Antes mesmo que os impactos mais fortes da crise global desembarcassem no Brasil, o nível de inadimplência do financiamento de automóveis já transmitia sinais preocupantes. Os dados mais recentes do Banco Central, referentes a setembro, indicam que naquele mês 11,23% dos parcelamentos de veículos estavam com pagamento atrasado em mais de 15 dias, índice maior que o do mês anterior (10,97%) e superior ao verificado no mesmo período de 2007 (9,9%). Isso significa que, do saldo total de empréstimos dessa modalidade (R$ 83,6 bilhões), financiamentos que somam cerca de R$ 9,4 bilhões têm uma ou mais parcelas atrasadas.
De acordo com o BC, a inadimplência do crédito automotivo ainda é menor que a média verificada em todos os empréstimos concedidos a pessoas físicas, que atingiu 13,54% em setembro. No entanto, a diferença entre esses dois índices vem se estreitando. Em setembro de 2007, a inadimplência geral era 34% superior à do crédito de veículos; um ano depois, essa distância foi reduzida a 20,5%.
O setor automotivo já teve momentos piores o pico da inadimplência na série histórica do BC, iniciada em junho de 2000, foi de 12,32%, em março de 2003. No entanto, considerando-se apenas os atrasos superiores a 90 dias (que, por serem mais graves, são acompanhados mais de perto pelo mercado), o índice de não-pagamento atingiu em setembro a marca de 3,83% do total, a maior já registrada. Em agosto, o nível era de 3,77% e, em setembro de 2007, de 3,26%.
"Não acho que o patamar da inadimplência seja alarmante, mas sua trajetória ascendente chama a atenção. Até o começo deste ano, víamos o crédito com forte expansão, ao passo que a inadimplência permanecia estável ou mesmo caía em alguns períodos. O fato de ela estar subindo há vários meses, no caso dos veículos, é algo que preocupa", avalia Caio Fragata Torralvo, consultor financeiro e professor da Fundação Instituto de Administração (FIA), de São Paulo.
"Subprime tupiniquim"
Para o economista Hugo Meza Pinto, professor da Faculdade Santa Cruz e da Universidade Positivo, os números começam a denunciar o "erro do afrouxamento desmedido" das condições de crédito. "Nos últimos dois anos, o Brasil vendeu carros como nunca.

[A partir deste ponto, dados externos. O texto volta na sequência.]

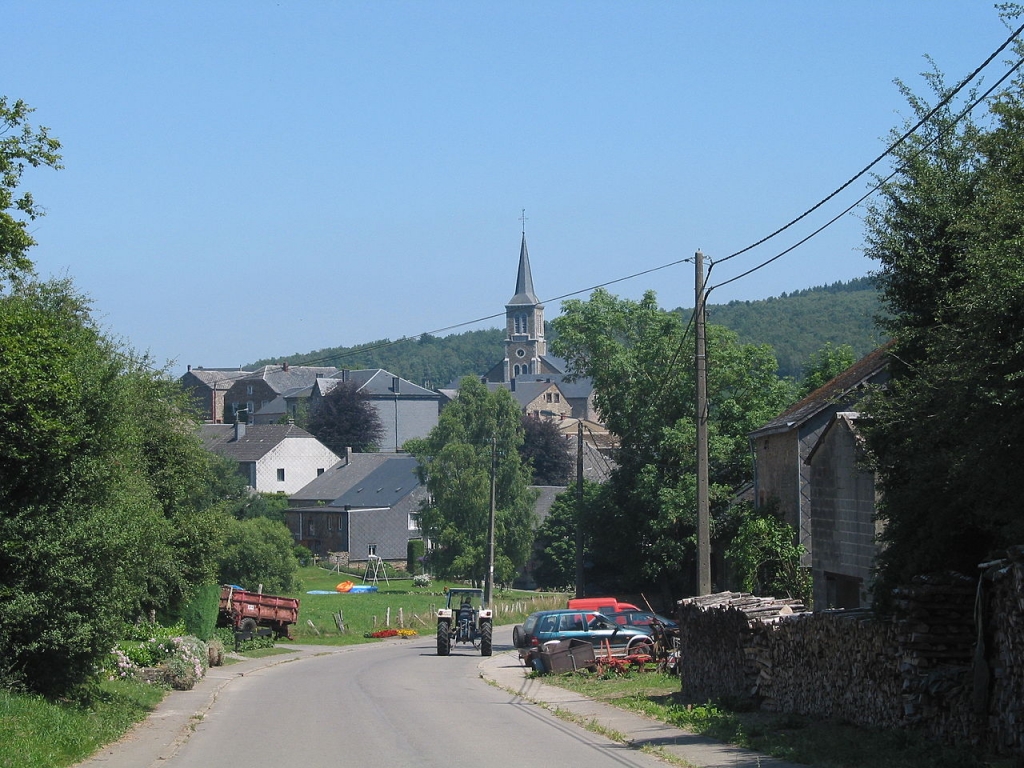 Le Monument du Maquis de Gembes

O problema é que boa parte deles foi adquirida com financiamentos muito longos, que em alguns casos chegavam a cem meses, por uma classe econômica mais vulnerável às oscilações da economia. Provavelmente são os consumidores de menor poder aquisitivo que estão com dificuldades para honrar esses pagamentos."
Em março, Meza Pinto e dois colegas prepararam um estudo sobre o que chamaram de "subprime tupiniquim", publicado na Gazeta do Povo, em que alertavam para os perigos da redução das exigências no financiamento dos veículos. "Agora, o cidadão que não consegue mais pagar as prestações tem três opções. Vai devolver o carro e perder o que já pagou, vai tentar revendê-lo a qualquer preço, ou ficará inadimplente até que o banco tome o veículo."
O economista lembra que, embora o aumento dos calotes no setor automotivo tenha semelhanças com a inadimplência que resultou na crise imobiliária dos Estados Unidos, o financiamento de carros ainda responde por uma parcela pequena do total do crédito concedido no Brasil. Por isso, ainda que a situação se agrave, não deve culminar em uma "crise sistêmica" como a observada nos EUA. "Mas certamente esses problemas terão reflexo nos níveis de produção e emprego da indústria automobilística e de seus fornecedores", diz. "Já vemos um excesso de carros nos pátios de montadoras e revendedoras, com fábricas dando férias coletivas e revendo sua programação de produção para 2009."